翻って,今回”第三勢力”ことAH-Softwareから発売されることが決定した「SF-A2開発コードmiki」を始めとする3つの製品について考えてみたい。

mikiが本家ボカロから『イマドキ』のキャラクター性を受け継いだ一方で,「ボカロ小学生」と「ボカロ先生」については,具体的なキャラクター性よりも『小学生』や『先生』という一般的な属性に焦点が置かれている。申し訳程度にボカロの文法に則ったフルネーム*1も与えられているものの,キャラクター性よりも属性が強調されているという事実に変わりはない。

これは本家ボカロからの明らかな方針展開であり,AH-Software『新しいVOCALOIDをこれまでのボカロとは異なる方向で売りたい』という意思の表れではないだろうか。

個人的な推測を述べるならば,AH-Softwareはボカロ小学生とボカロ先生の発売を通して,『初音ミクに歌わせたいから初音ミクに合った曲を作る』というようなキャラクタードリブンな制作スタイルに代わり,『子供の声を使いたいからボカロ小学生に歌わせる』というような楽曲ドリブンな制作スタイルを提案しているように思われるのだ。

制作スタイルの変化というよりは,回帰といったほうが正しいかもしれない。それは,KAITOMEIKOの頃にクリプトン社が期待していたVOCALOIDシリーズの使い方そのものであり,本来VOCALOIDシリーズが担うべきだった役割であるとも言える。
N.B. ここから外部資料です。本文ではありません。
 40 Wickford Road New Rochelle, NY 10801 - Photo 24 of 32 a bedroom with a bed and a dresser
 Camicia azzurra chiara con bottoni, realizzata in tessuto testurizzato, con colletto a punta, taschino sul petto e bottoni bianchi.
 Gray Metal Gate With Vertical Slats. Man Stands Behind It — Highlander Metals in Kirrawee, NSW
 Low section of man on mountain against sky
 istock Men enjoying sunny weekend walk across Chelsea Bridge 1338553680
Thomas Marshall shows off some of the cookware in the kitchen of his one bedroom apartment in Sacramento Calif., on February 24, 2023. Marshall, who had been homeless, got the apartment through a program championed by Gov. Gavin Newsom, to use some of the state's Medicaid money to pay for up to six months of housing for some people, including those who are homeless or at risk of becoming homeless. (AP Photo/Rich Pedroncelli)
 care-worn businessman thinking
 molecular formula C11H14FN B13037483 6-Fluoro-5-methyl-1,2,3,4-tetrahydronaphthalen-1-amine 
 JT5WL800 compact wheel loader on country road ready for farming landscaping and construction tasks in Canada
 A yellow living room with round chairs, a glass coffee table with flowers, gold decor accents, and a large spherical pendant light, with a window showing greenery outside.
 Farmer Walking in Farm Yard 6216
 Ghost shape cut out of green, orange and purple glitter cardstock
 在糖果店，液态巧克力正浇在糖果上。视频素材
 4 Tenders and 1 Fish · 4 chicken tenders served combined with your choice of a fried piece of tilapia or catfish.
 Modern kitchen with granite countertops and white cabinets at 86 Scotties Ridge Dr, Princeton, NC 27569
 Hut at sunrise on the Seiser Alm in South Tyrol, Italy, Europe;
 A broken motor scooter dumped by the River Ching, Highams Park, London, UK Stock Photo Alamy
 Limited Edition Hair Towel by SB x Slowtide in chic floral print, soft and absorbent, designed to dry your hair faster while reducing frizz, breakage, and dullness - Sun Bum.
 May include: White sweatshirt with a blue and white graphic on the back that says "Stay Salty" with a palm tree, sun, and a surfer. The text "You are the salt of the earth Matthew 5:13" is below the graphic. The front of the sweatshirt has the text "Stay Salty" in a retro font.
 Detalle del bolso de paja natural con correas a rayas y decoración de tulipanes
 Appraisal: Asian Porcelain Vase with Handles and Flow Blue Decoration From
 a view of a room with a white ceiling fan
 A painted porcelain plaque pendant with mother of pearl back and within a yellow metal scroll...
もちろん,すべてのボカロ曲がキャラクタードリブンな制作スタイルのもとで生まれたというわけではないし,中にはVOCALOIDを『単なる楽器』として用いた楽曲も少なからず存在する。しかし,ボカロ界隈を俯瞰したときに,その潮流の中心がボカロのキャラクター性を軸とした楽曲郡にある*2ことは,もはや疑いのない事実ではないだろうか。

ボカロ小学生とボカロ先生は,言わばキャラクター指向に傾倒していった初音ミク以降のボカロ文化に対する売り手側からのカウンターである。果たして,ボカロ小学生とボカロ先生はボカロ文化のバランサーになり得るだろうか?

とは言ったものの

ユーザーによるキャラクター価値の積極的な創造が行われない限り,ボカロ小学生とボカロ先生は売れないんじゃないかと思いました。